• _HOW TO COMPLETE THIS TASK_:
Would you give the listing again exactly as written, minus its pictures?

• _DATA BELOW_:
..............................

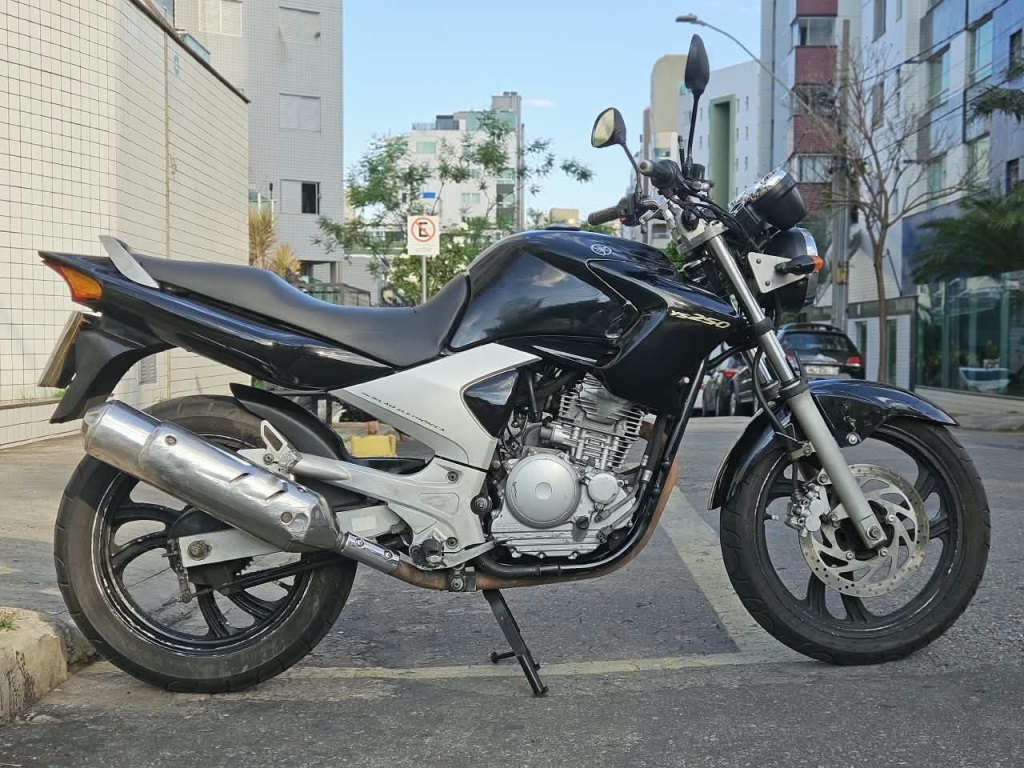 YAMAHA YS 250 FAZER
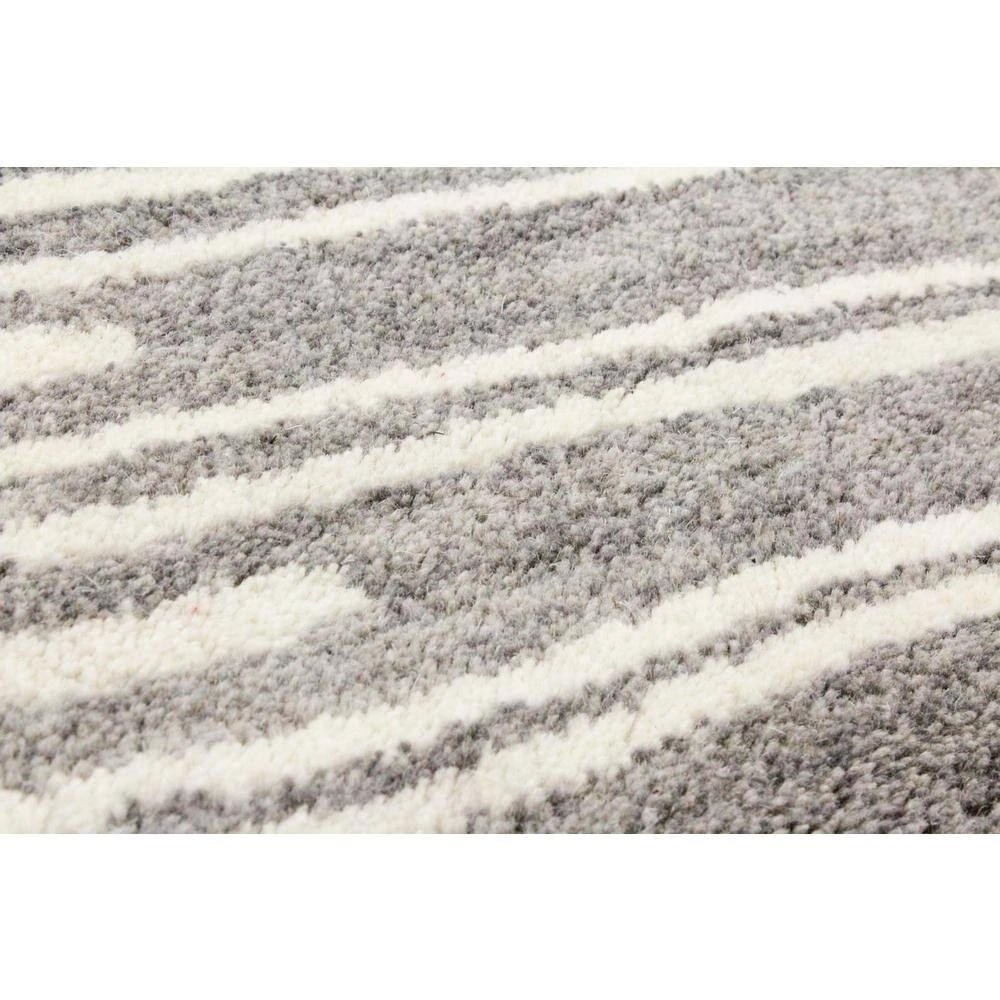 Chelsea Grey 5 ft. x 8 ft. (5' x 7'6") Striped Contemporary Area Rug by BASHIAN 5 Chelsea Grey 5 ft. x 8 ft. (5' x 7'6") Striped Contemporary Area Rug by BASHIAN - Image 5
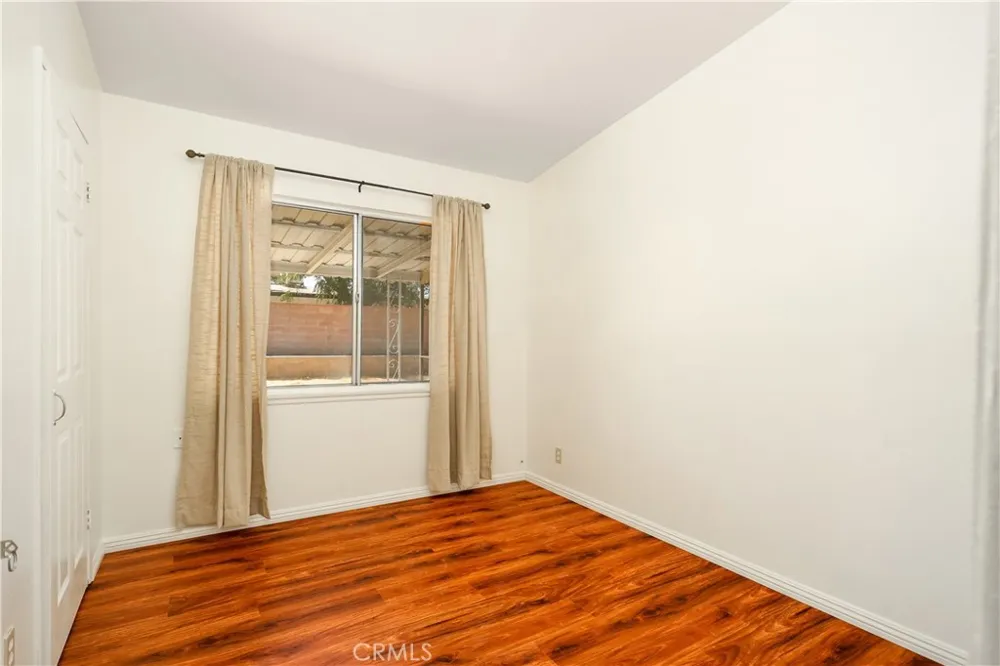 1050 W Avenue J13 Lancaster, CA 93534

..............................

• _OUTPUT OF THE EXERCISE_:
 YAMAHA YS 250 FAZER
 Chelsea Grey 5 ft. x 8 ft. (5' x 7'6") Striped Contemporary Area Rug by BASHIAN 5 Chelsea Grey 5 ft. x 8 ft. (5' x 7'6") Striped Contemporary Area Rug by BASHIAN - Image 5
 1050 W Avenue J13 Lancaster, CA 93534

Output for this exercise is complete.